Sunday, May 11, 2008

Ready to Return

It has been almost a year since I found myself preparing to visit Argentina for the first time. Then, I knew little about Argentina. Now, as I prepare to return, this time for 5 months, I feel like I am returning home - going back to a place that is familiar.

Argentina has deeply affected how I see my world, and especially how I see my country. As I learned more about the military dictatorship, my reaction went from shock to curiosity. "How could that have happened?", I kept asking. I watched movies, read, and talked to those who would talk. The more I learned, the more I was horrified. 30,000 people disappeared - many taken away in broad daylight. Pregnant women were kept alive until their children were born, the babies then given to military families who could not bear children of their own. Secret prisons, illegal detentions, torture. It all seemed so evil, so incomprehensible.

And then I returned home.

I saw how the election of 2000 was actually a coup. The election was stolen - not by driving tanks and flying helicopters into Washington D.C. and killing the sitting president, but by engineering the vote, by denying thousands of people the right to vote, by manipulating the ballot, and by the actions of the president and campaign manager of the would-be president.

Once the election was stolen, the real crimes began. Were the attacks on September 11, 2001, really a surprise? Did the twin towers collapse only from the impact of the planes (many suggest there were explosives), was the Pentagon even hit by a plane (again, many suggest, even those who were in the Pentagon, that it was a bomb). Were we told the full truth about September 11? What is clear, is that September 11 was used as an excuse to take radical measures that might not have otherwise been taken. The Patriot Act severely limited our civil rights, allowed our government to spy on us and resulted in the "disappearances" of hundreds of individuals. Now we find out that there have been secret memos and discussions which approved the use of "aggressive interrogation techniques" - torture, rendition flights that carry detainees out of the country to secret locations where they are tortured and never heard from again - the abuses at Abu Graib are nothing compared to what is probably really going on behind prison walls.

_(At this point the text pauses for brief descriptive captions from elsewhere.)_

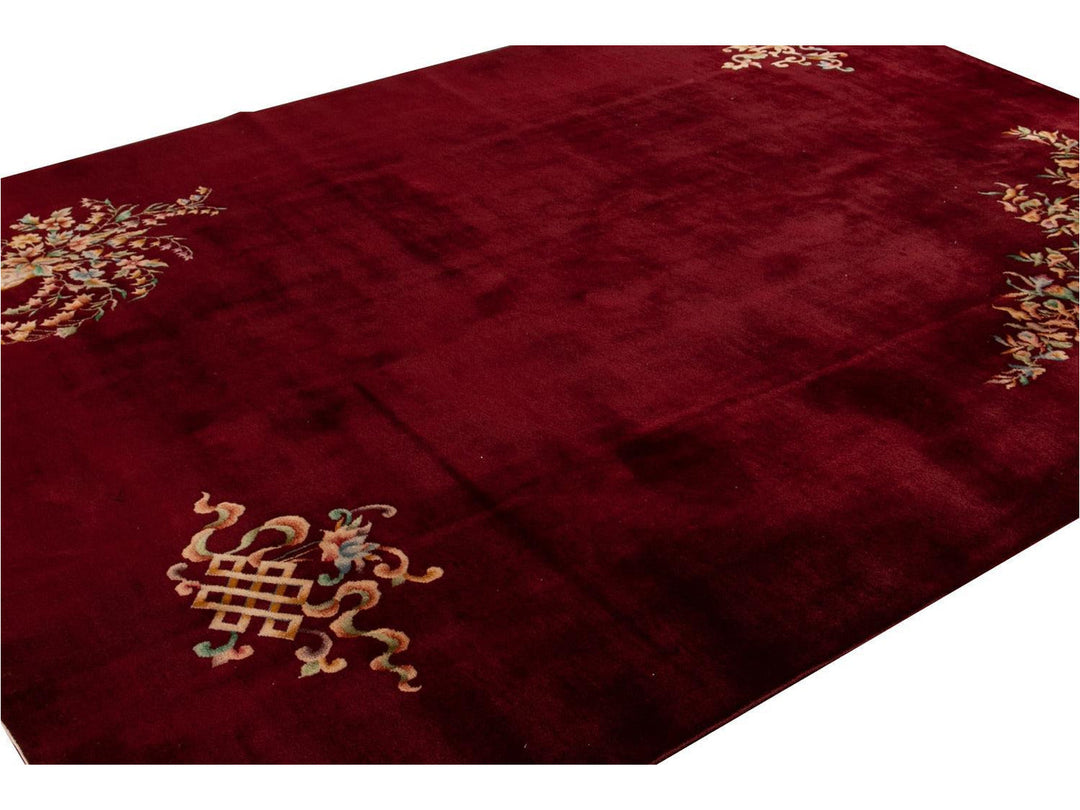 Vintage Art Deco Chinese Wool Rug 8 X 10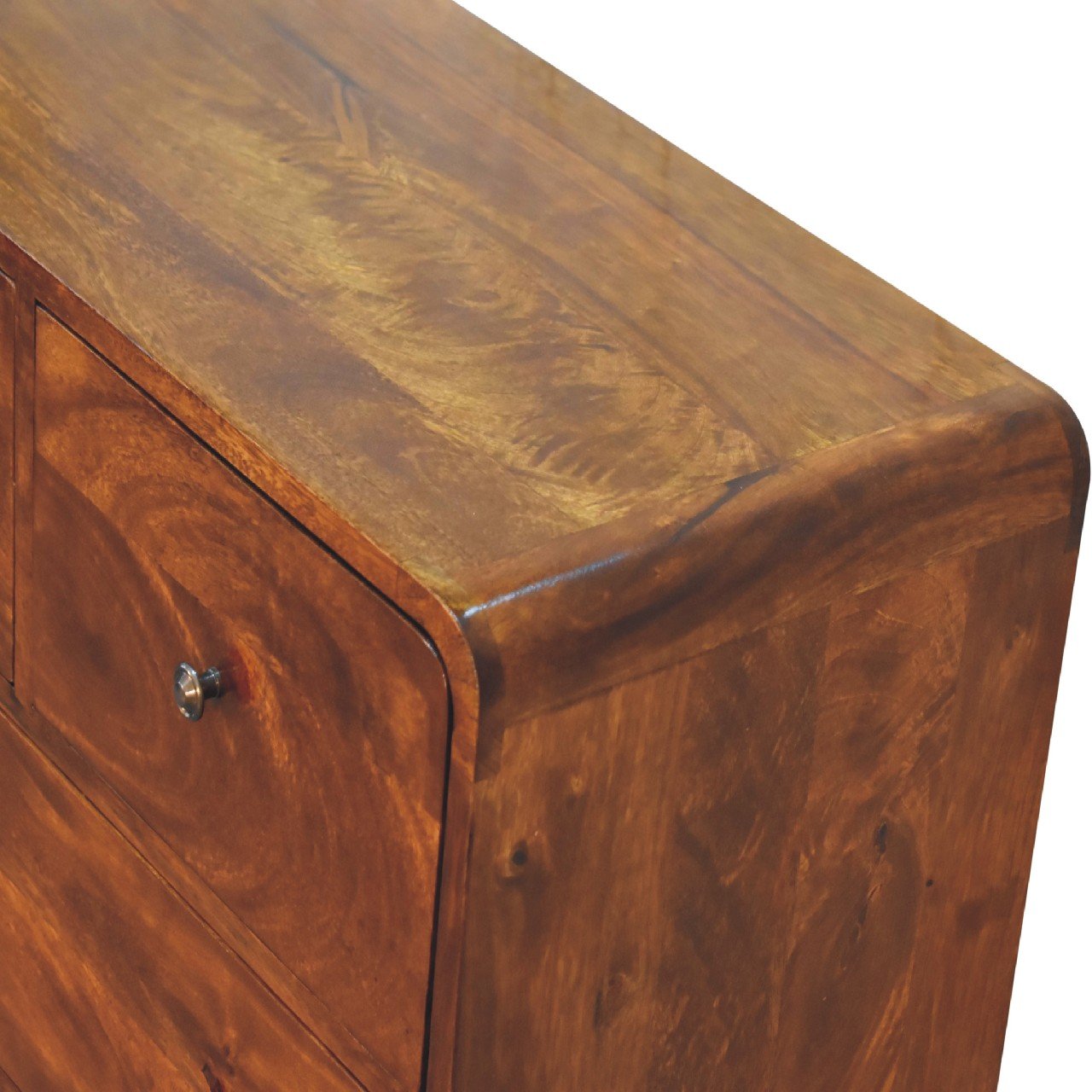 Komoda z litego drewna mango – kasztanowa, 70 cm - obrazek 5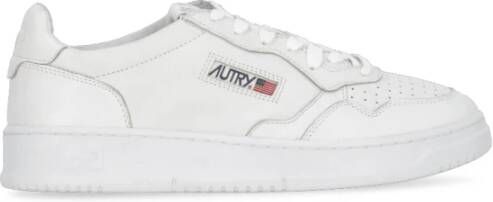 Autry Witte Leren Sneakers met Geborduurd Logo White Dames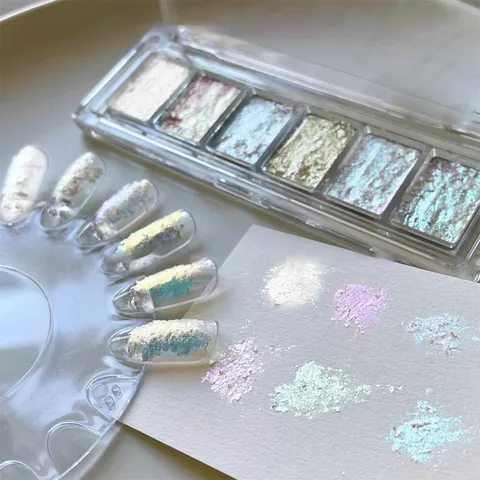 Nhũ khổng tước nén khay 6 màu design Nail siêu đẹp
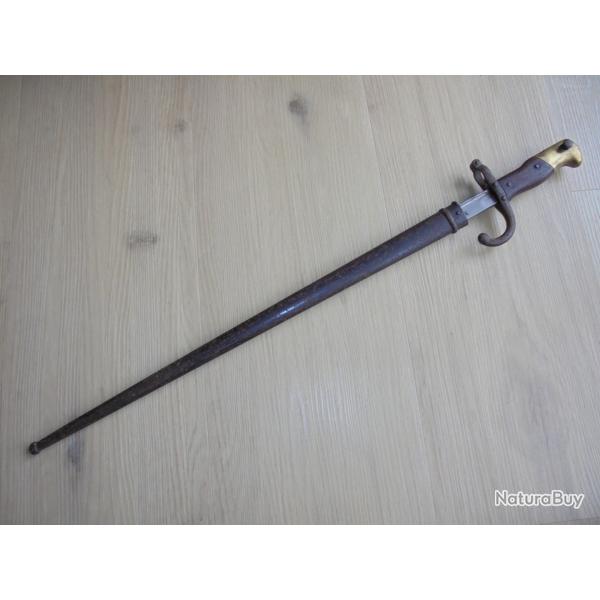 Belle baonnette-pe Gras fourreau au mme numro jus grenier Saint-Etienne 1875 Grande Guerre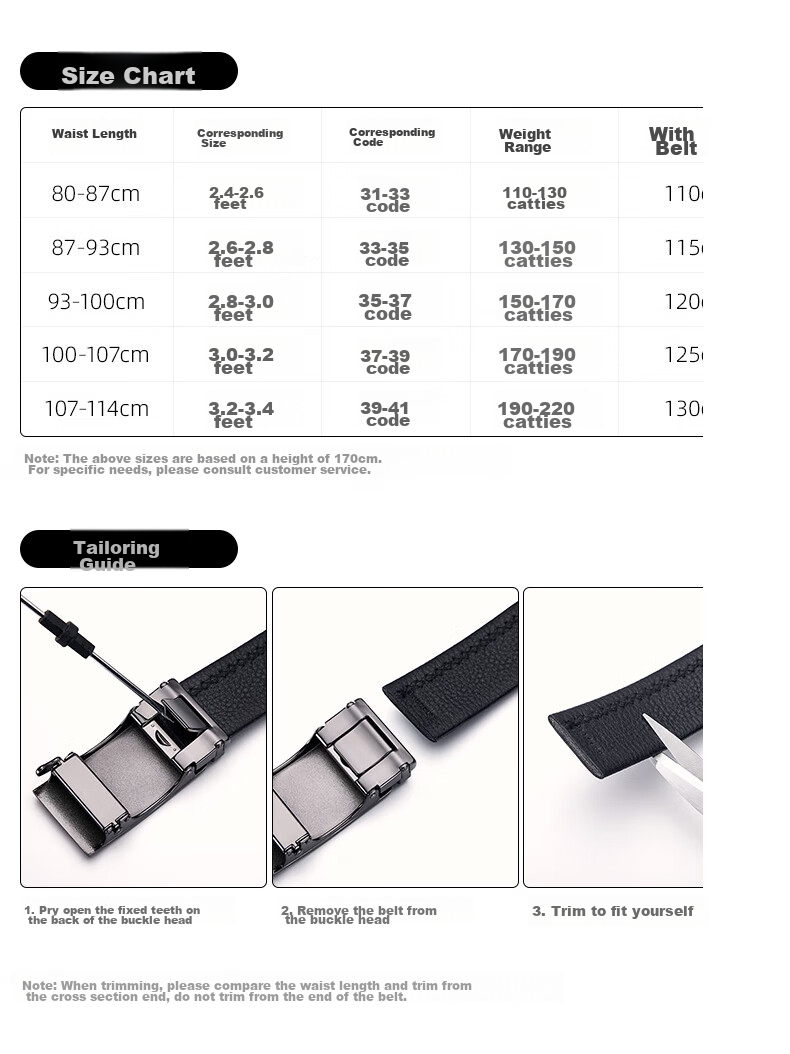 LAORENTOU Men's Leather Belt with Automatic Buckle, Waist Belt for Young And Middle-Aged Men, Birthday Gift for Boyfriend, 115-125cm 11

9/11 was used to get our country into two wars, which are not going very well. Our economy is in a shambles. Our treasury has been drained, while cronies of the junta who stole the election in 2000 are recording record profits - oil company profits have soared, as well as private security firms, defense contractors and private prison corporations. Now immigrants are being rounded up and herded into detention centers. Proving to be extremely profitable, these dententions are only going to continue while the American people, distracted by rising gas prices, job losses and rising food costs look the other way. Schools and libraries are closing because there is not enough money. A city near San Francisco, Vallejo, has declared bankruptcy, claiming there is not enough money to pay for services such as police and fire departments, schools or libraries. Yet, more and more detention centers are being built. After the immigrants have all been rounded up, and these detention centers sit empty, who is next?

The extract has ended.